• The problem: Lines from the one with "Festive coconut macaroons" up to and including the one with "Overhead view of" are to be copied exactly from the records below, without their pictures.

Short web captions:
================

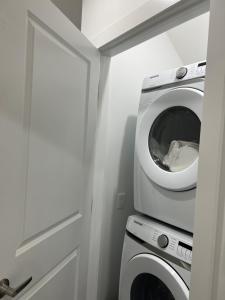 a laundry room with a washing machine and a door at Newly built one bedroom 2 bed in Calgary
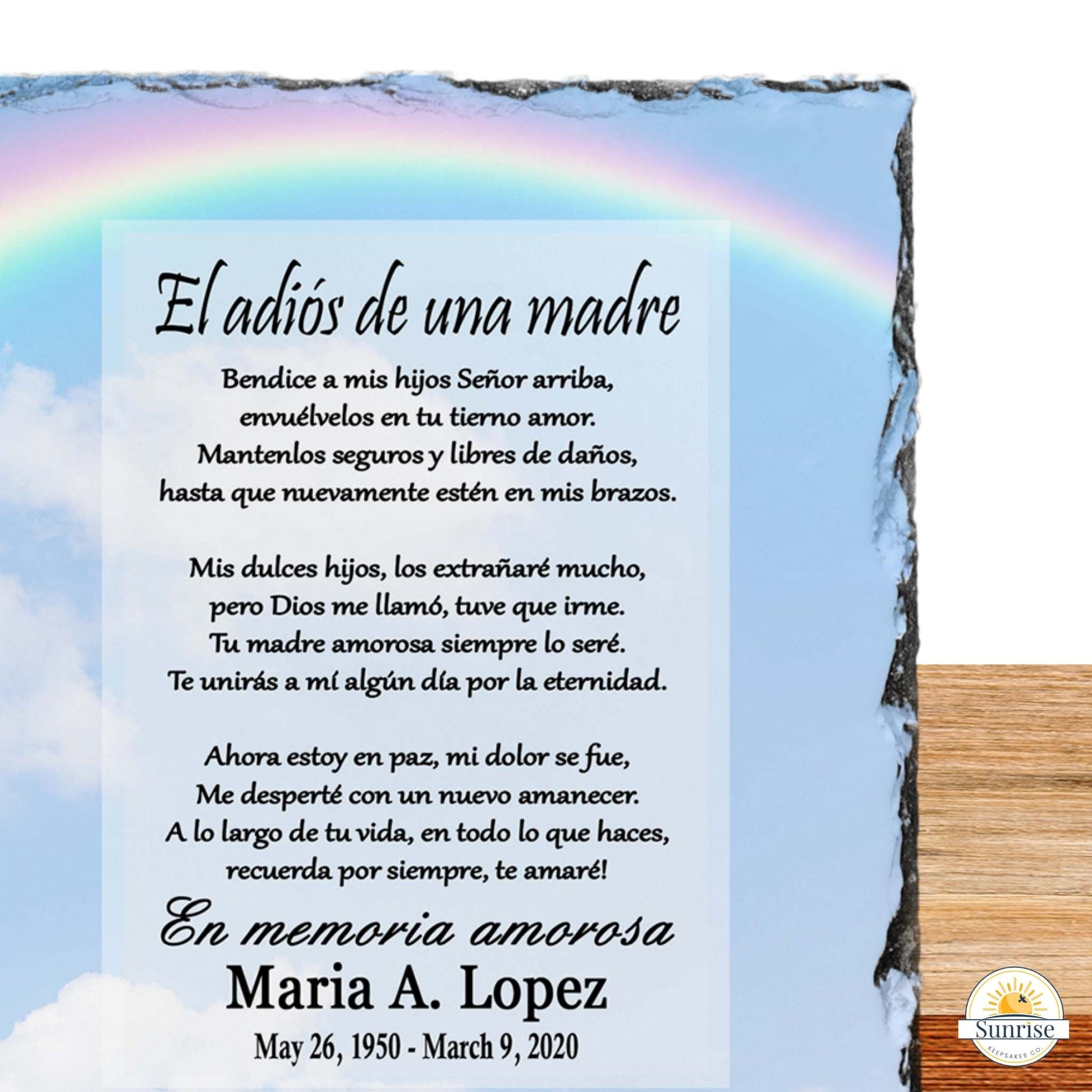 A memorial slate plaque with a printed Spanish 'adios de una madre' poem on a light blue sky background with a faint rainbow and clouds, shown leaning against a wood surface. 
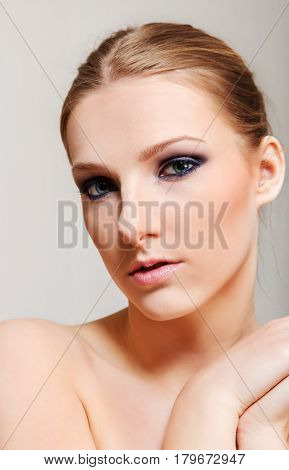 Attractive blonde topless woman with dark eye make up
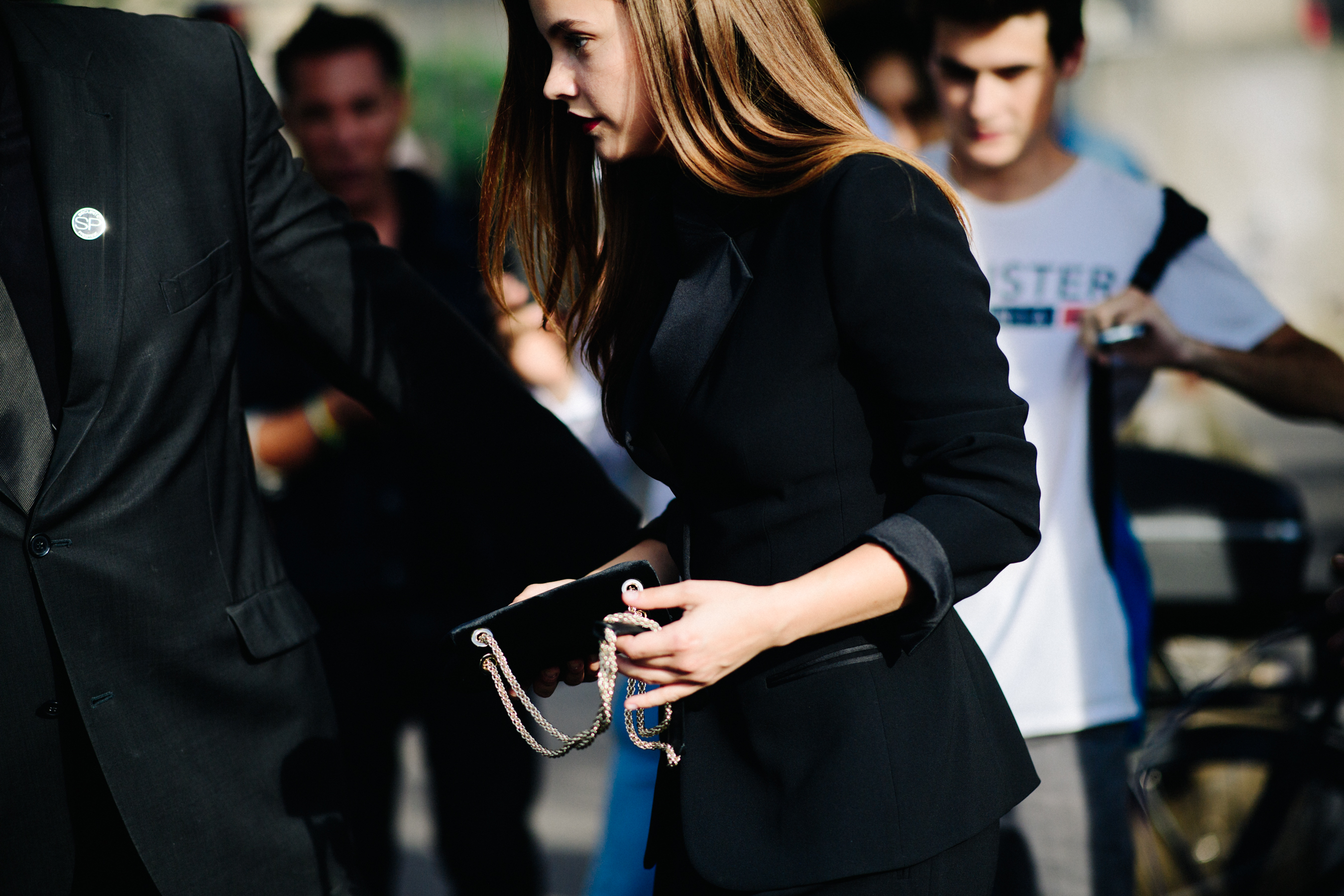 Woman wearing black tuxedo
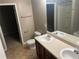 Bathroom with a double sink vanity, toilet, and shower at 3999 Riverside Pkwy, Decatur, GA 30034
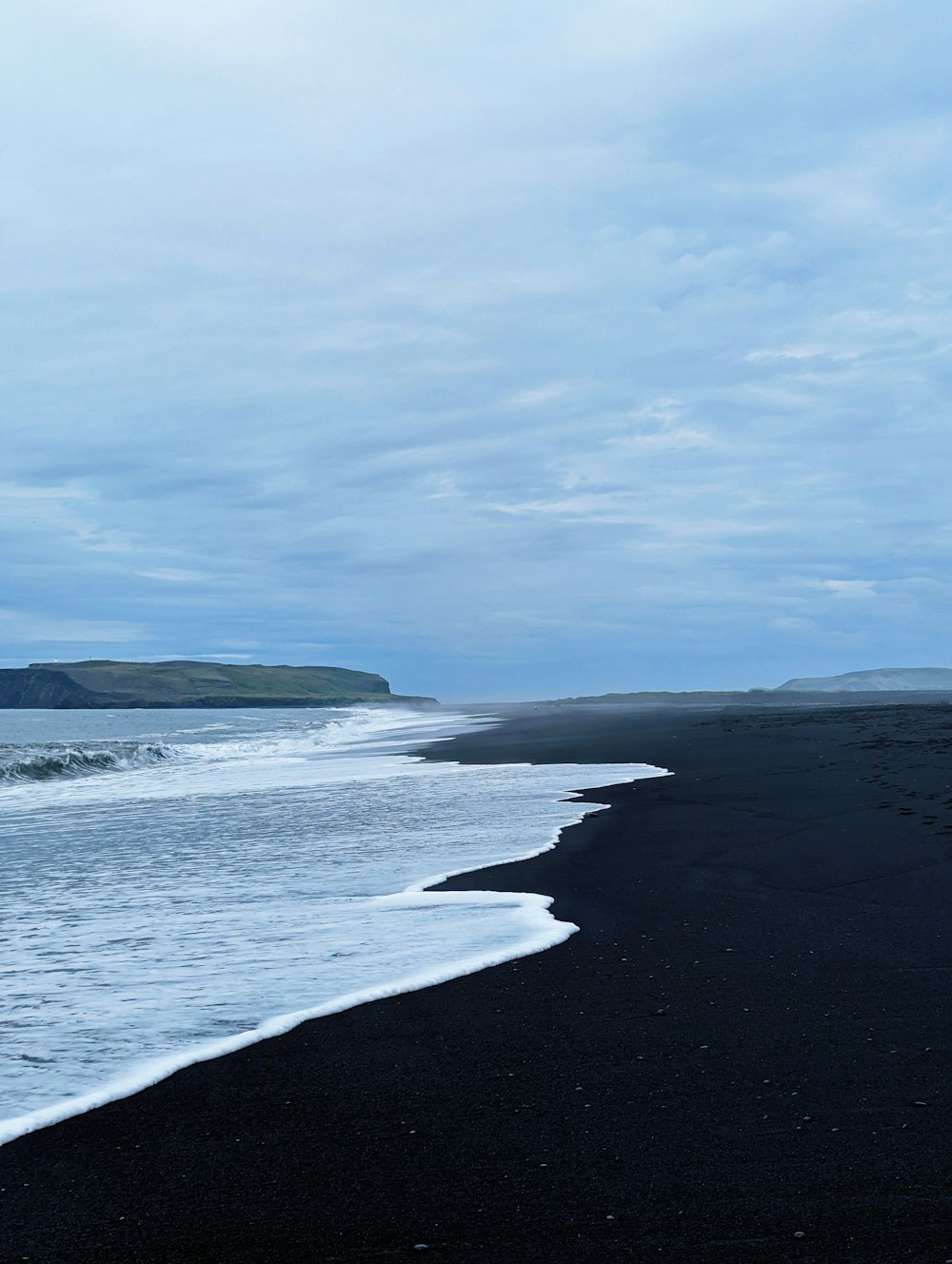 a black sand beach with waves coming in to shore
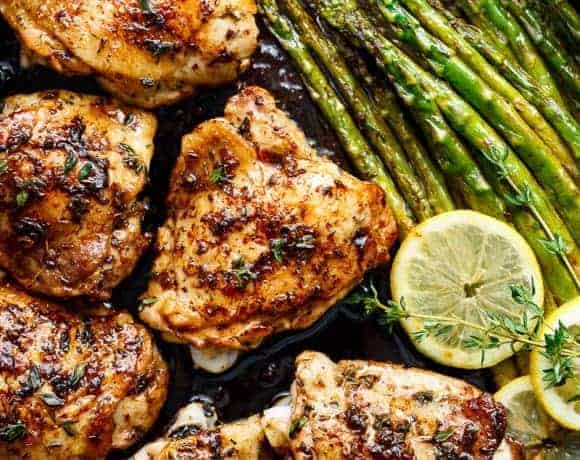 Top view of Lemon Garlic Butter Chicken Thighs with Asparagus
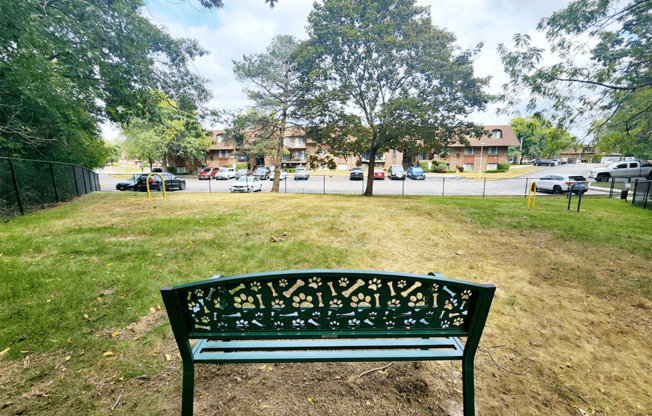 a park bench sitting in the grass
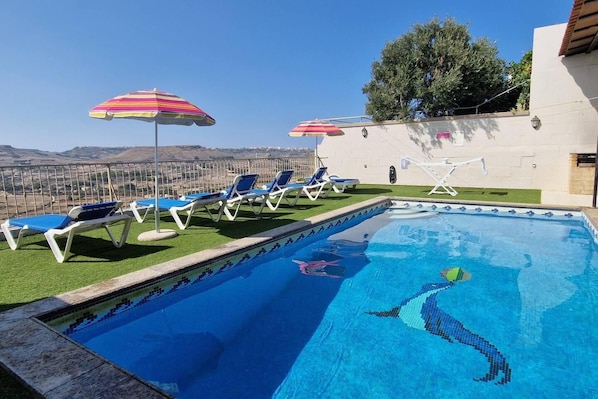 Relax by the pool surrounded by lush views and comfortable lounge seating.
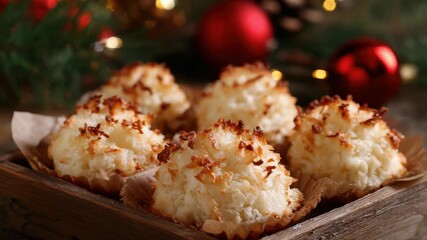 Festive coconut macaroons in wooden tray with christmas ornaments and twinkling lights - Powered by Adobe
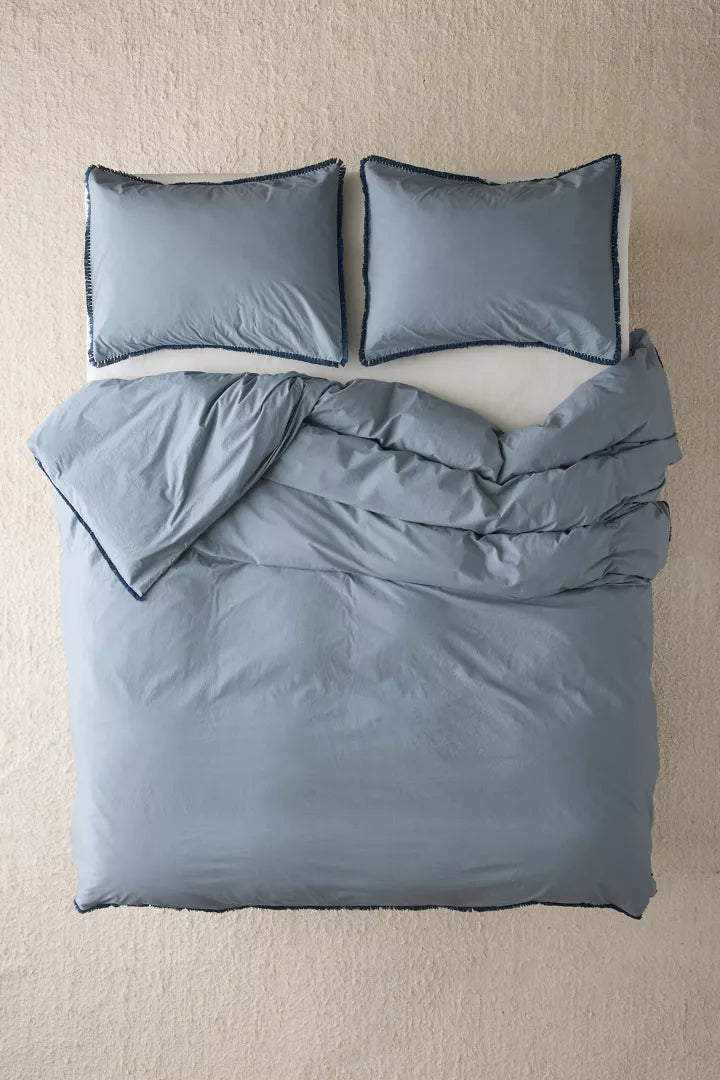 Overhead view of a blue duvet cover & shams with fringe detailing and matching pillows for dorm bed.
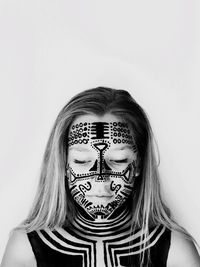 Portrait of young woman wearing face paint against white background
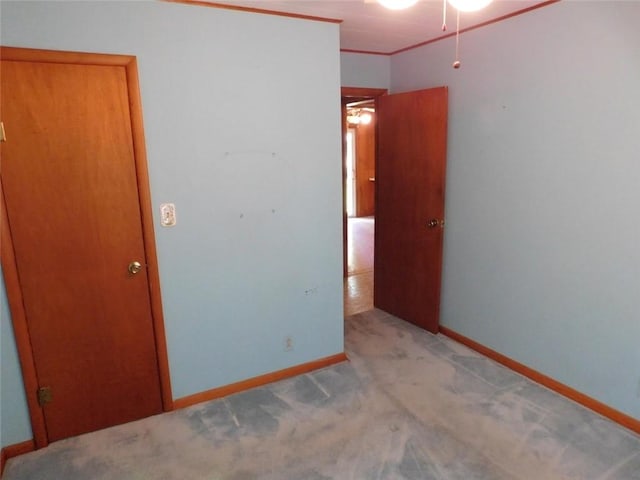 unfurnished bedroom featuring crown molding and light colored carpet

================

• Exercise output:
 Festive coconut macaroons in wooden tray with christmas ornaments and twinkling lights - Powered by Adobe
 Overhead view of a blue duvet cover & shams with fringe detailing and matching pillows for dorm bed.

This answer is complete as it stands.